:: Dataset records ::

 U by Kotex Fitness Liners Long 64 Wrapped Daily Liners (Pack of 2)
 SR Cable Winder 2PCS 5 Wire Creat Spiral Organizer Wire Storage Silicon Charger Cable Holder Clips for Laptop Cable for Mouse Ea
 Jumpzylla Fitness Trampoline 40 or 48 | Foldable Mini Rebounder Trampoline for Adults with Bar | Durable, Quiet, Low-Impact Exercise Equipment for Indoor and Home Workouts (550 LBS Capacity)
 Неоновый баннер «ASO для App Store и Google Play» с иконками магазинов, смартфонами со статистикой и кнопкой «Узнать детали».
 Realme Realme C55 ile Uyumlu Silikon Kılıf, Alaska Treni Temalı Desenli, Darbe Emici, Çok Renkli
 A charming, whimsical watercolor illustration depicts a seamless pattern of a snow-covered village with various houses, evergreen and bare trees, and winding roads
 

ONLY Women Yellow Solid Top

:::
:: Dataset records ::

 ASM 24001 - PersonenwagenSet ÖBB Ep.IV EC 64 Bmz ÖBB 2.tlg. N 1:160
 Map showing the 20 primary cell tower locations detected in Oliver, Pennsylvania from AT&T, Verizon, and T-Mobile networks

:::
:: Dataset records ::

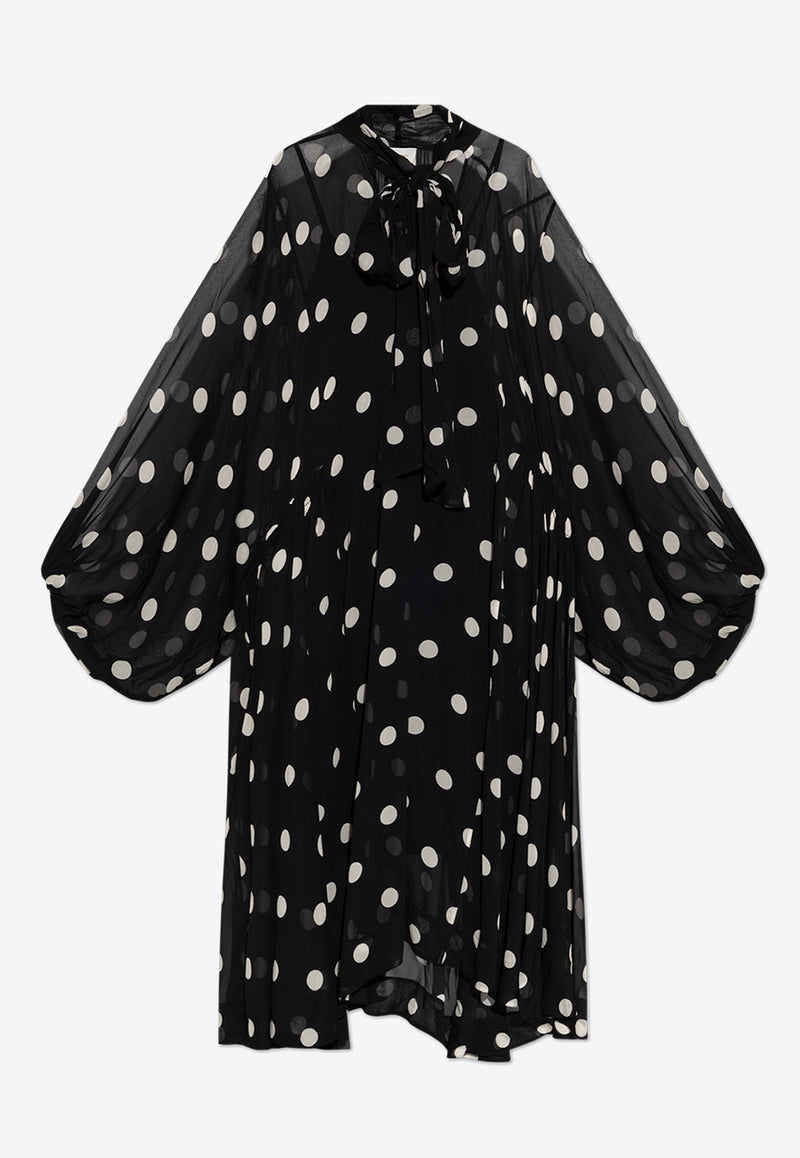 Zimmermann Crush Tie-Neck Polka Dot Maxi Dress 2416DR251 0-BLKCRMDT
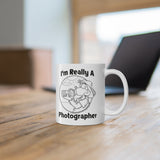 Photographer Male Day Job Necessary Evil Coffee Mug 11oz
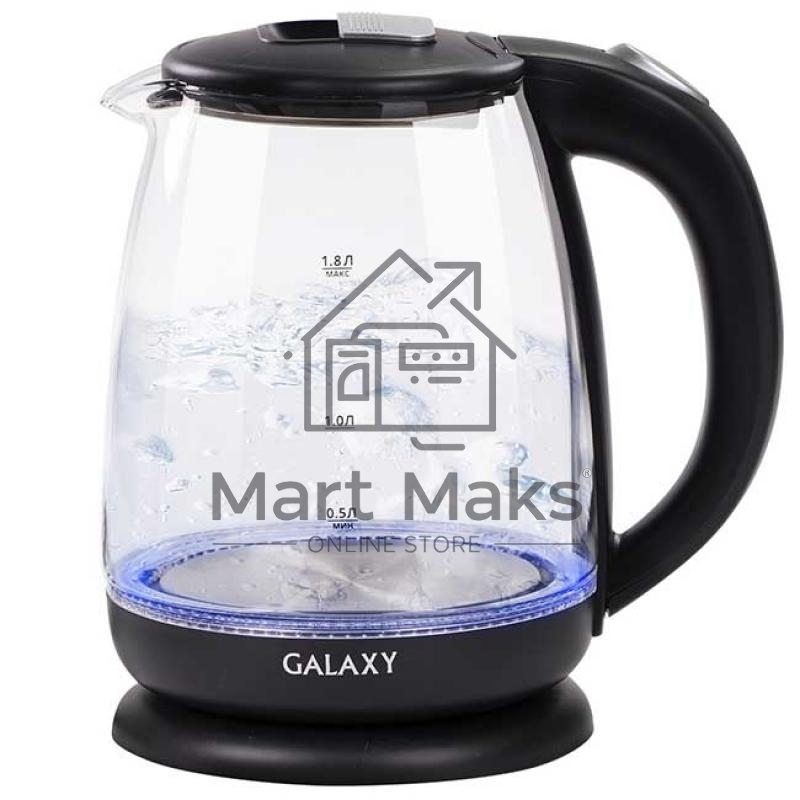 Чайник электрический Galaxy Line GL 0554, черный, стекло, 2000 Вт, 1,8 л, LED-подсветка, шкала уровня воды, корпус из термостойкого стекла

:::

**What is expected:** When you reach the line holding "A charming, whimsical" in the records above, begin reproducing exactly, stop after the line holding "ONLY Women Yellow Solid Top", and output nothing else.

**Response to this task:**
 A charming, whimsical watercolor illustration depicts a seamless pattern of a snow-covered village with various houses, evergreen and bare trees, and winding roads
 

ONLY Women Yellow Solid Top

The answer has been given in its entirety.